1940年,Alan出生在美国马萨诸塞州。1岁时随父亲举家迁往澳大利亚,3岁就可以阅读,他的童年在一间存有6000本书和大量绘画作品的大房间度过。二战爆发后,Alan全家又迁回美国。一直以来,Alan都对自己的阅读量和独立的观点感到骄傲。这种眼界和思想使他对学校的传统教育感到反感,从而陷入了一段与老师和教育体制的“长期斗争”之中。他一度认为学校只能存在一种观点——那就是老师的观点或者课本的观点。5岁时他已经开始用“稚嫩的声音维护自己的观点”。这使得他产生了对年轻一代教育的责任心,这种责任心伴随着Alan的一生,以至于他后来许多大师级的创意最初理念都是出于对儿童的关爱。

Alan Kay曾公布了一份,这份书单早在90年代初就已经成形,本篇文章是他就这份书单和自己的阅读心路与读者所进行的深度交流。


书单是你为学生而列的吗?

Alan:这张阅读清单实际上并非为我的学生而作,它从90年代初期就已经慢慢成形。当时Anderson Consulting (现为埃森哲咨询公司)的人向我讨教应该阅读的“十大”书籍。对于想扩大阅读范围的人来说,只拣选十本几乎是不可能的事。所以我将首先挑选的十本书籍仅仅作为介绍的开始。而阅读所谓的“坏书”其实也是增加知识的一部分,它们能更好地帮助我们加深对“好书”的理解与领悟。

你阅读的时候会“全部吃透”还是“有的放矢”?有哪些帮助定位好书的渠道可以推荐?

Alan:从某种机缘巧合的意义上来说,我开始上学前就养成了阅读的习惯,并且一发不可收拾。现在数不清我阅读了多少本书,可能不少于两万本(据我了解,有些朋友的阅读量比我还大)。阅读的流畅度的确是很重要的因素,因为真正值得吃透的书并不多(正如一句话所言,“大多数想法要么平庸,要么更糟糕”,这很大程度上是因为绝妙的想法难得一见,而且它们还要在我们身边这个充斥了各种恶俗的所谓常识的环境里孕育生长)。读三年级的时候,我开始努力尝试将所阅读的内容铭记于心(如果读一遍没记住,我只好重读)。因为阅读高效等原因,我几乎读完了所有的书籍。通常我同时阅读几本书。现在我不会像更年轻的时候一样整天整天地看书了。阅读会上瘾。我也读书评,其中值得一提的是1970年代出版的《全球概览》(The Whole Earth Catalog),里面包括了成千上万的阅读“工具”,例如几百本带有精简评论的书籍。这些书籍大多数都不容错过(《全球概览》里的书籍均为帕罗奥托研究中心图书馆里收录的第一批书籍)。有些朋友希望我能给每本推荐的书都附上扼要的简介(加了注释的阅读书目其实非常有帮助),其实通常我会依赖直觉(并使用其他各种微妙的感觉)来判断(编者注:读者可以通过2013年出版的《Cool Tools》了解当年《The Whole Earth Catalog》的风格)。

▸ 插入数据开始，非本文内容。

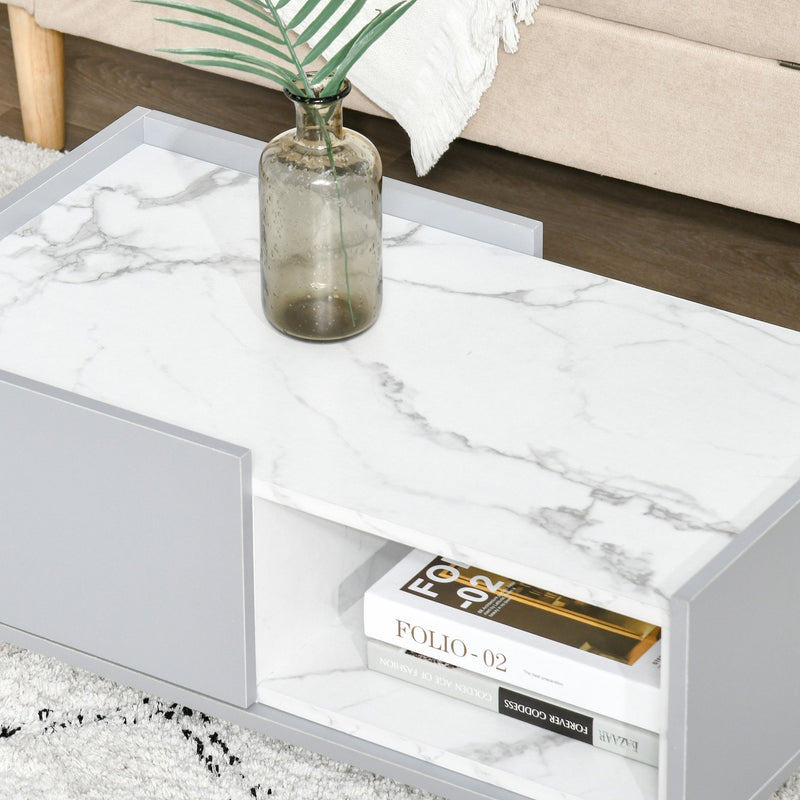 Modern Coffee Table with Marble Texture, Rectangular Sofaside Table with Drawer, Open Storage Compartment, Wood Legs for Living Room Shelf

说起《全球概览》,据说这本书的发起人Stewart Brand是在一次嗑药之后想到的主意。作为60年代“迷幻革命”(Psychedelic Revolution)的亲历者,一位技术发展的积极推动者,你是否认为从那个年代起,迷幻药对当今的技术甚至社会的发展都有着比较大的影响?

Alan:“60年代”的意义远大于一个“时代背景”,在加州尤其如此——当时各种思潮相竞迸发:对种族平等的虎丘、越战,以及各种不同的思想。帕罗奥托与湾区的其他地带充斥着所谓的“反正统文化”,也为多元化的创作背景奠定了基础。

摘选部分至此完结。